What are these things? The Lord suggests them when He says: “There will be “uprooting” and “planting”, “tearing down” and “building”. None of that sounds easy – but you are promised the best help of all: that of Almighty God.
Gosh: look at all of you, When I came to the school, it started at standard 2 (grade 4): and I stayed here until matric. We were a small school, not much more than a hundred or so boys at first and you easily knew all the teachers – many of whom were priests and religious brothers. We loved them so much, you know.
How well we knew each other when we were pupils here together! I think I knew just about every person in the school, you even got to know many of the parents of the pupils, and even their sisters – which was a bonus for guys trapped in an all-boys’ school.
To really know a person is such a gift, and let me tell you, you will seldom in your life spend as much time in the company of your friends as you do during these , your school years. I urge you to make the most of it. Look around you: these guys are going to be with you for life. They really are given you as your brother s. They will be you varsity - holiday buddies. They will get you out of serious trouble a hundred times. They will stand beside you at your wedding and will be the godfathers to your future children.
And some of them will be at your death-bed. Life is precious, life is fragile. Nothing is promised to you forever. I have had to bid farewell to Liam Whelan, Stephen Roberts, Stephen McGuiness and Andrew Crous: my dead classmates – dead even before they got to see me as a priest. I’d like to remember them in a special way at the altar today.

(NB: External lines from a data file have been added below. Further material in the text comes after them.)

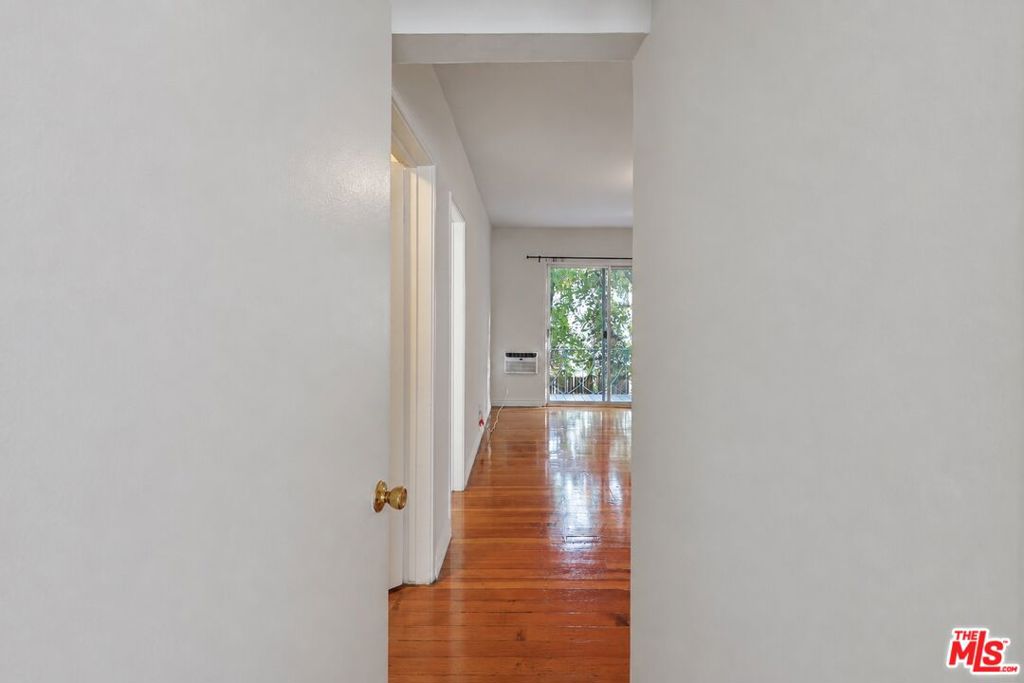 1323 N Olive Drive 23d Property Photo 23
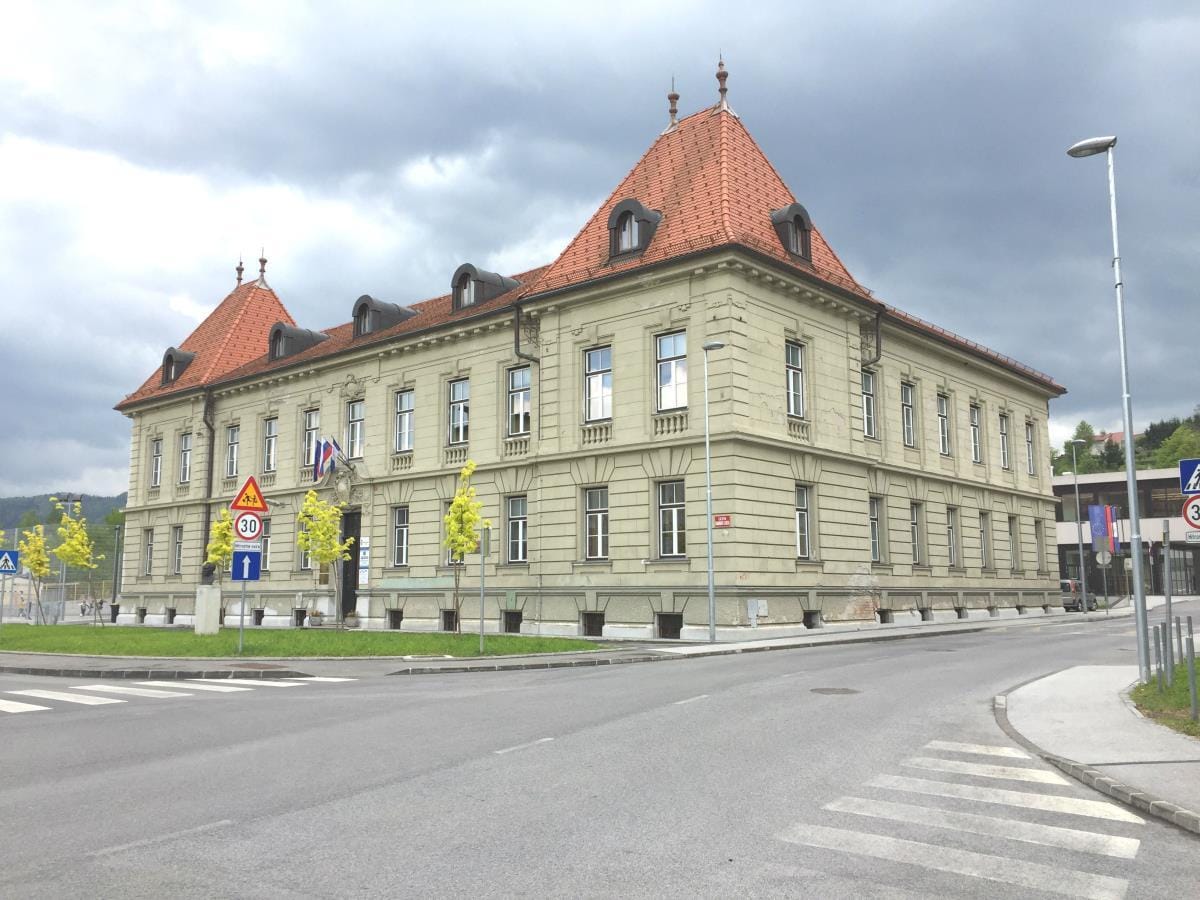 Staro Sodnijo bodo obnovili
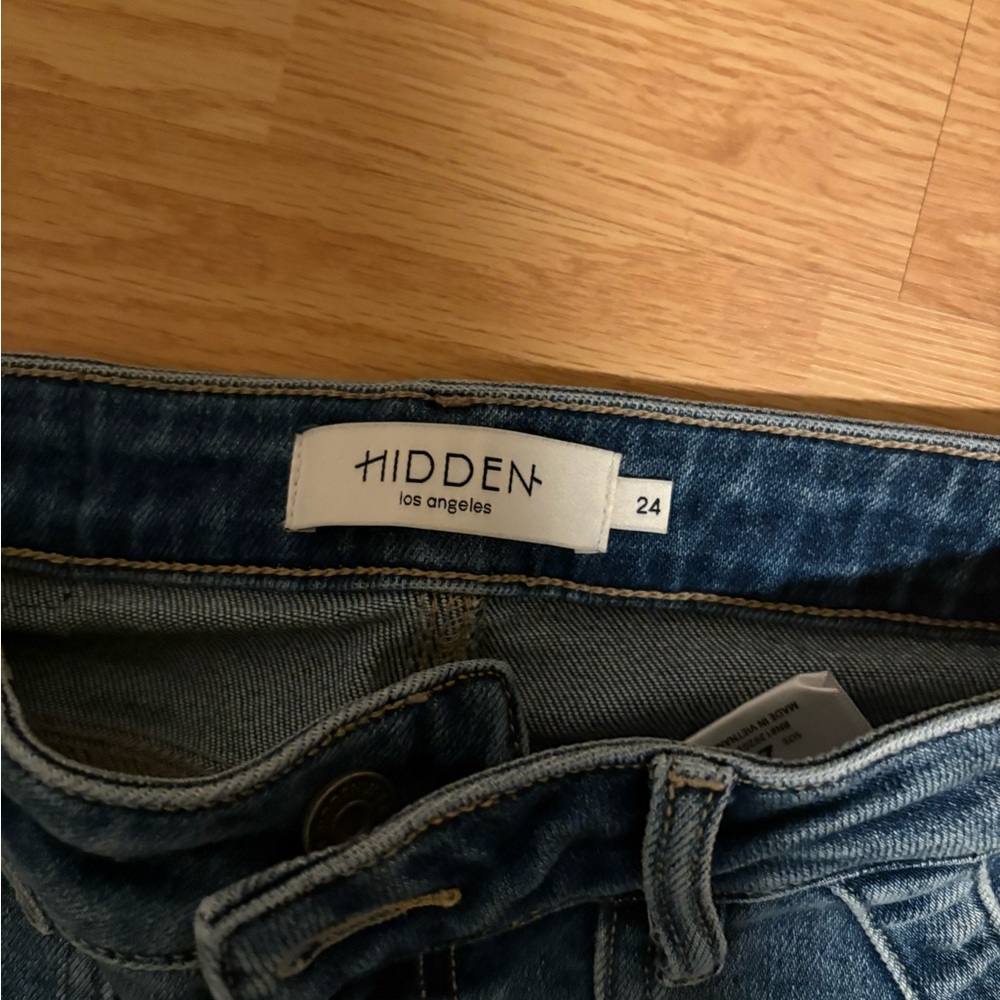 Hidden Flared Jeans With Front Pockets - image 4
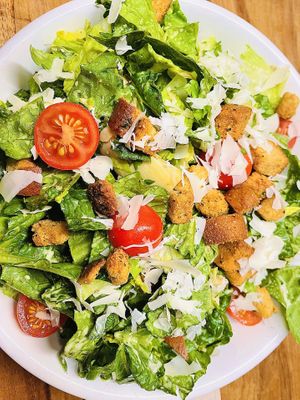 Organic Caesar salad w/ Parmesan #Veganuary at Follow Your Heart Market & Cafe in Canoga Park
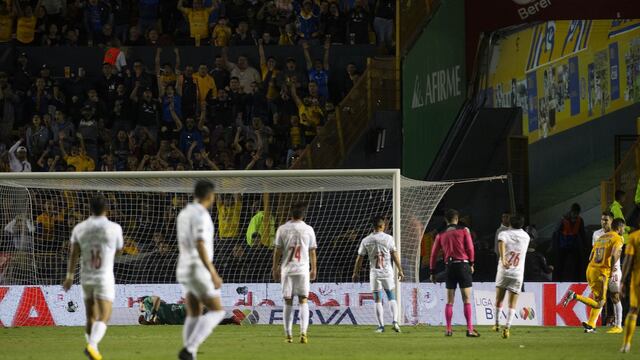 Jugadores de Chivas ven a Gignac marcar el 3-0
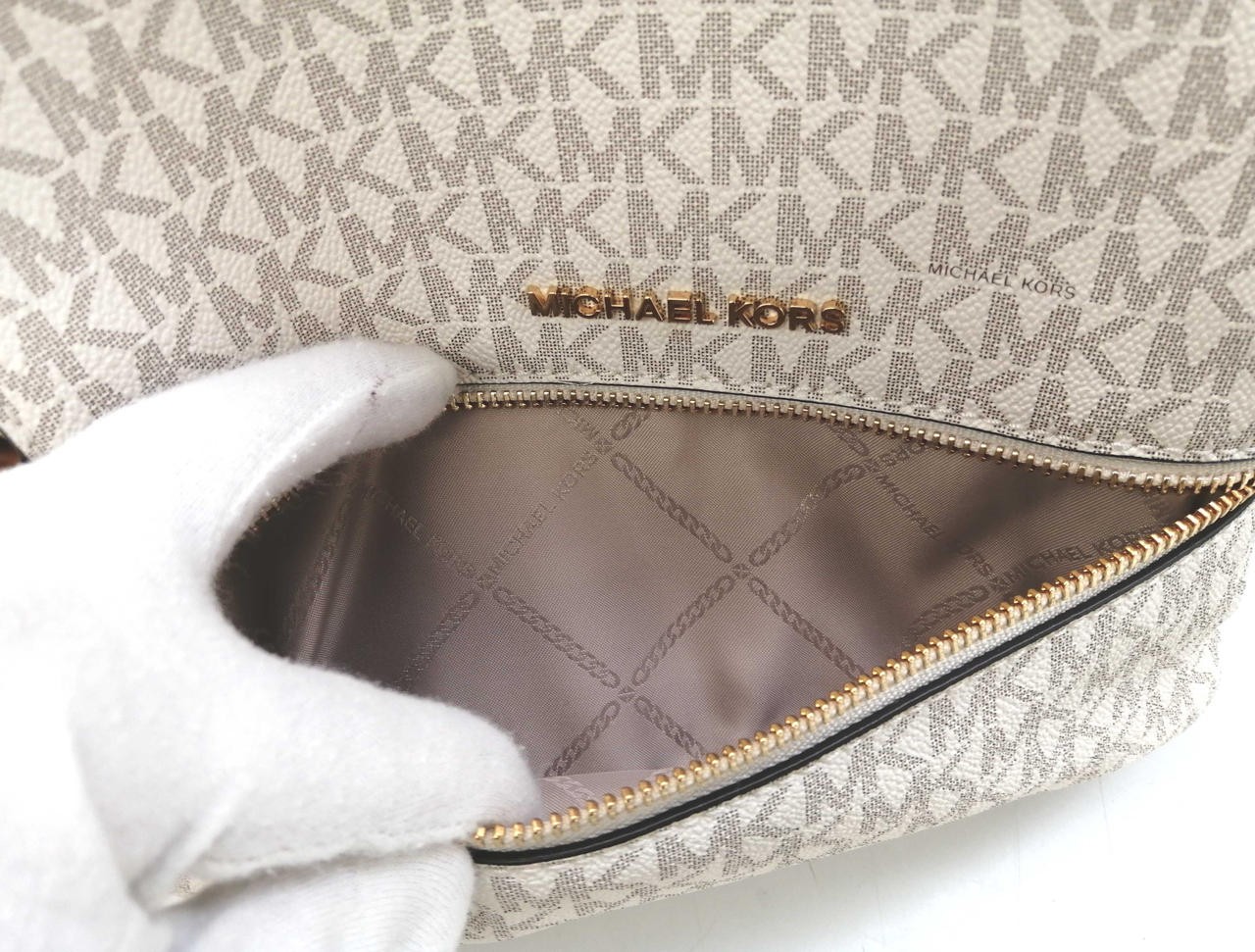 Backpack Model number Off white Brown MICHAEL KORS - image 6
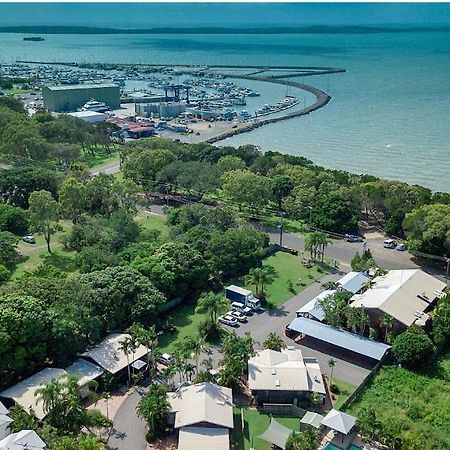 The Villas - Hervey Bay - 2 Separate Villas Urangan Exterior photo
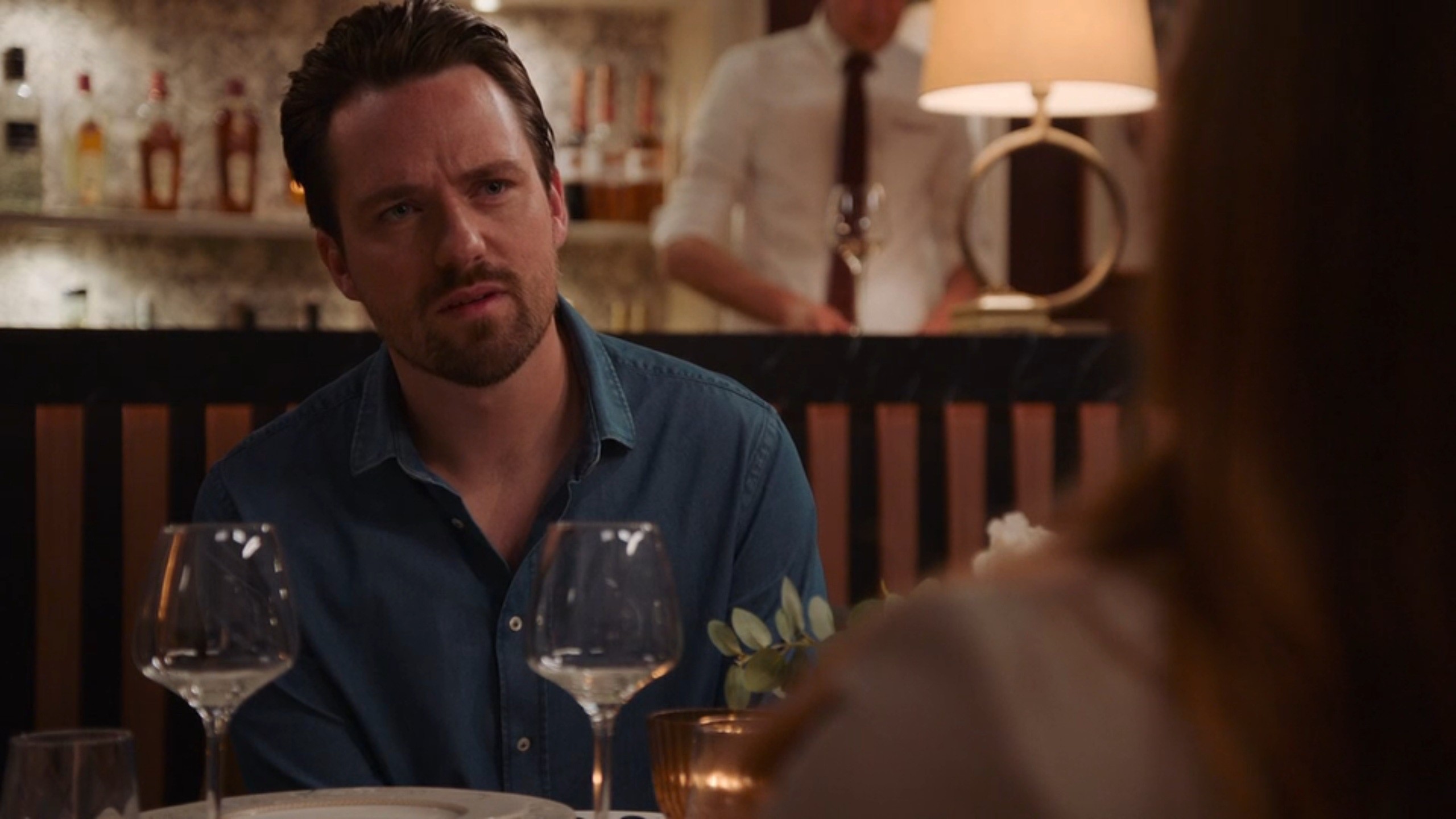 Haakon geeft Shanti een flirterige peptalk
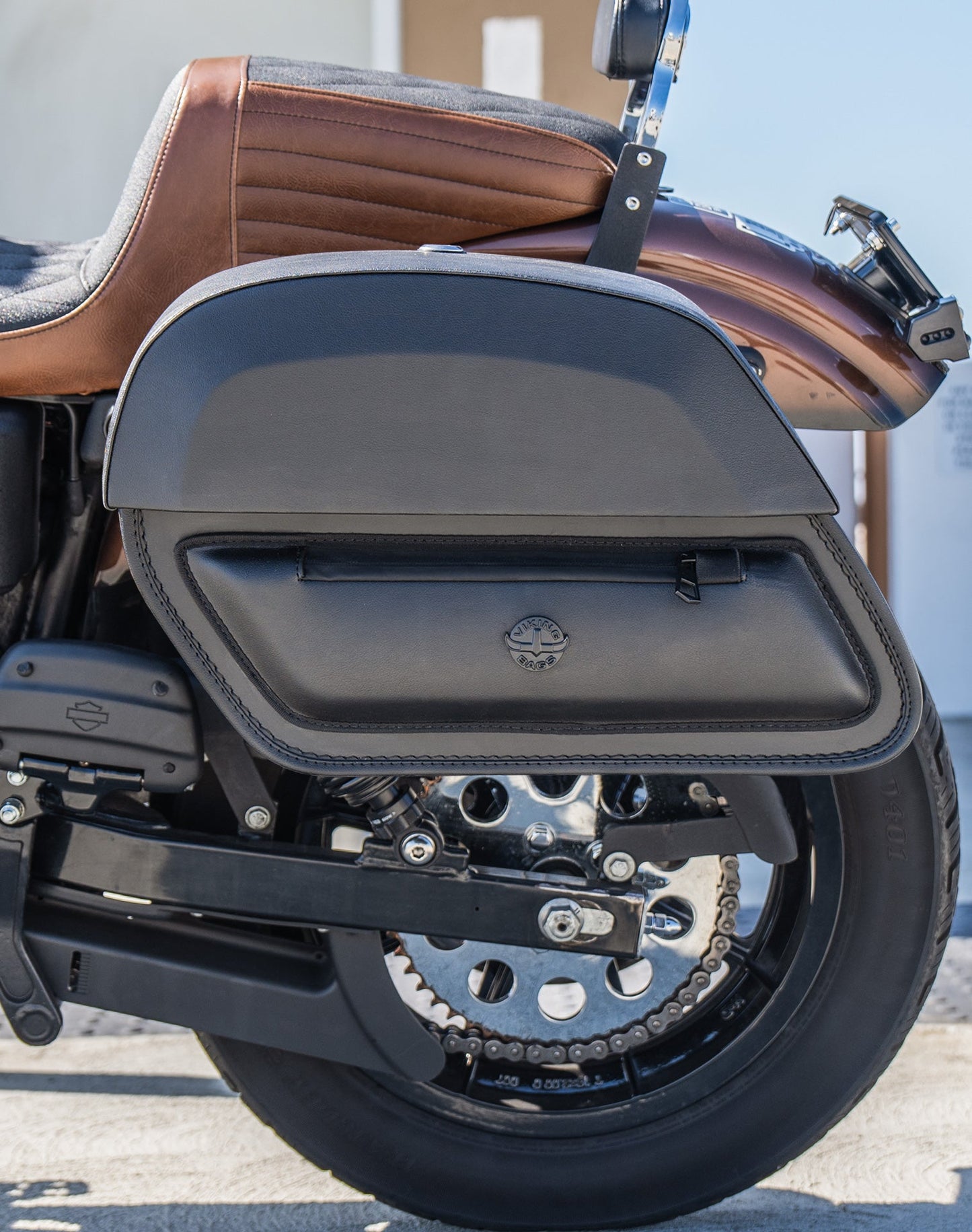 28L - Pantheon Medium Quick-Mount Motocicleta Alforjas para Harley Dyna Super Glide FXD/I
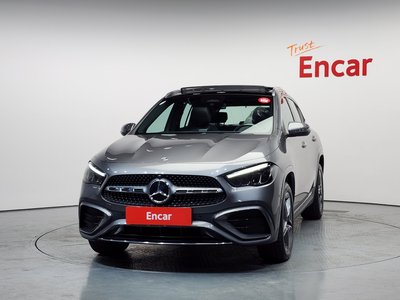 MERCEDES-BENZ GLA - 2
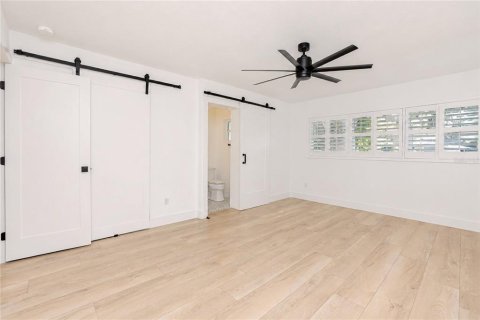 House in Winter Garden, Florida 4 bedrooms, 253.53 sq.m. № 2102516 - photo 30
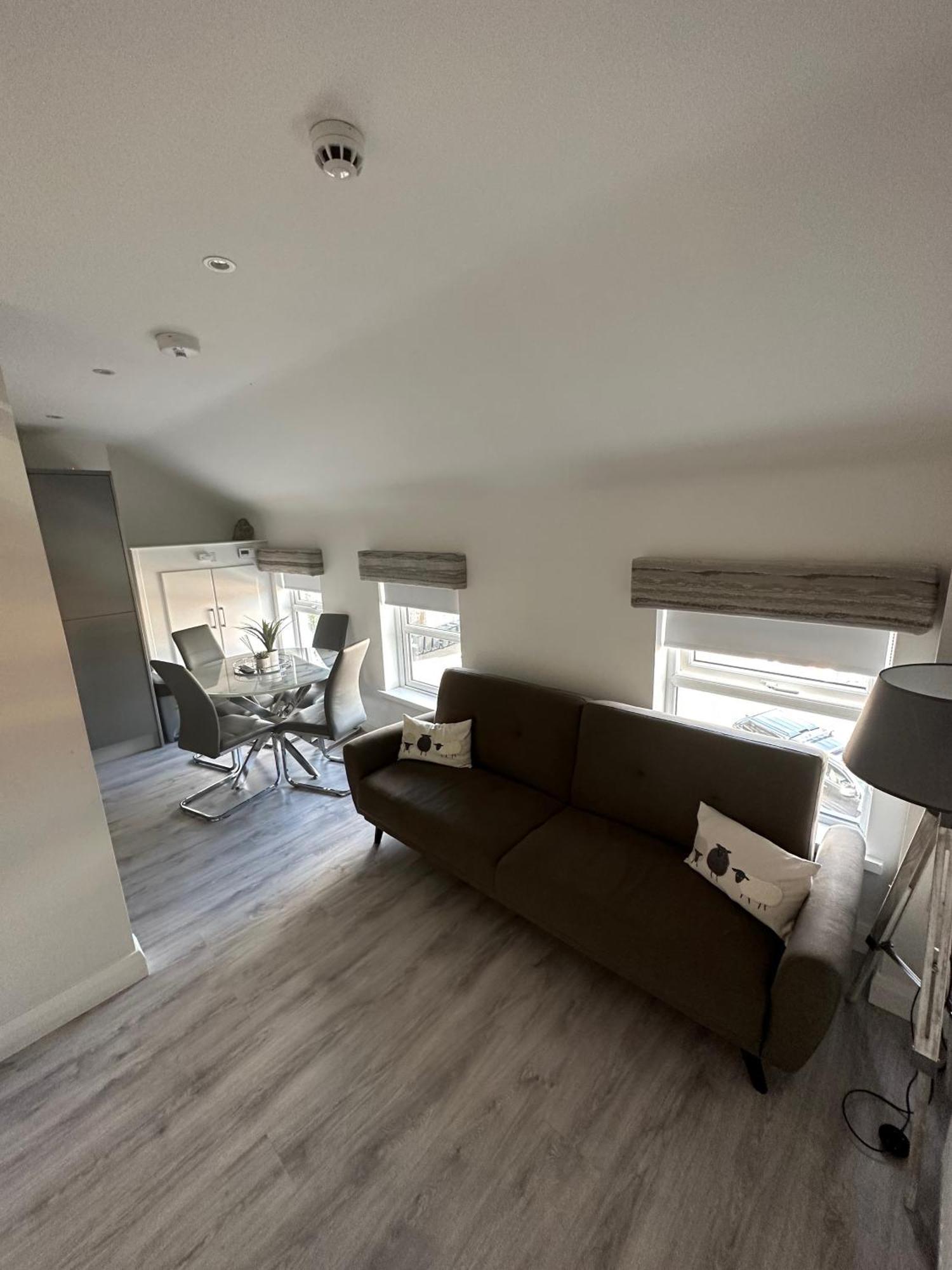 Westland Suites - Stylish, Modern, Elegant, Central Apartments A Londonderry Exteriér fotografie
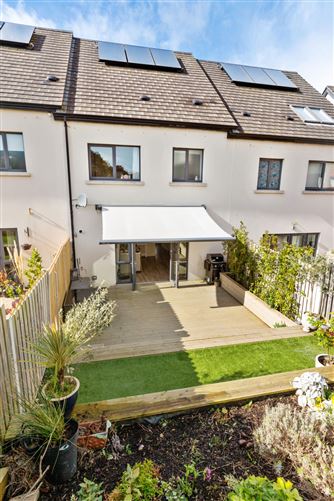 11 The Avenue, Carrickmines Green, Carrickmines, Dublin 18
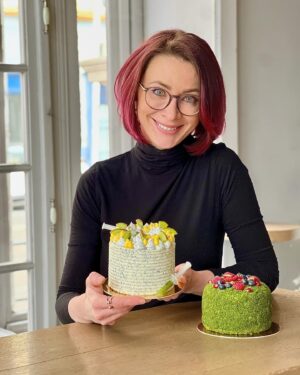 Šárka Divácká Instagram - 1.MÁJ, LÁSKY ČAS ❤️
Naši milí polní i ti přespolní. Máme pro vás novinku, která je každý rok stejná. A čeho, že se tento OXYMORON (chápej protimluv) týká? 🙀 No přece, OTEVÍRACÍ DOBY na 1.máje. 😃✨A ta je každý rok stejná. Otevřeno BUDE, a to od 10:00 do 20:00. Sorrýčko je totiž takový „nonstopáč“. 🤓A to je TAUTOLOGIE (chápej pravdivé tvrzení) jak vyšitá. Výběr fotografií je čistě náhodný, co nám přišlo pod ruku a do trouby. ❤️👍#budemesetesit #sorrypecemejinak #dorty #brno #brnocity #pastry #pastrychef #kamnavylet #statnisvatek #mirrorglazecake #mirrorglaze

I’m telling you: take it seriously. Life is not just a joke. These are the years in which you make it happen: don’t blow it. You know, you spend a huge chunk of your life at school, and much of the stuff might work on your nerves and so forth, but I can really promise you that these are some of the best times of your life. So enjoy them. You know that the Lord wants your happiness: Scripture says that the glory of God is man fully alive. So live you school years with gusto. These are years of character formation, so be formed. Take it as a challenge: embrace it whole heartedly. God bless each of you, and please remember to pray for your priest and Bennies brother - Fr Justin.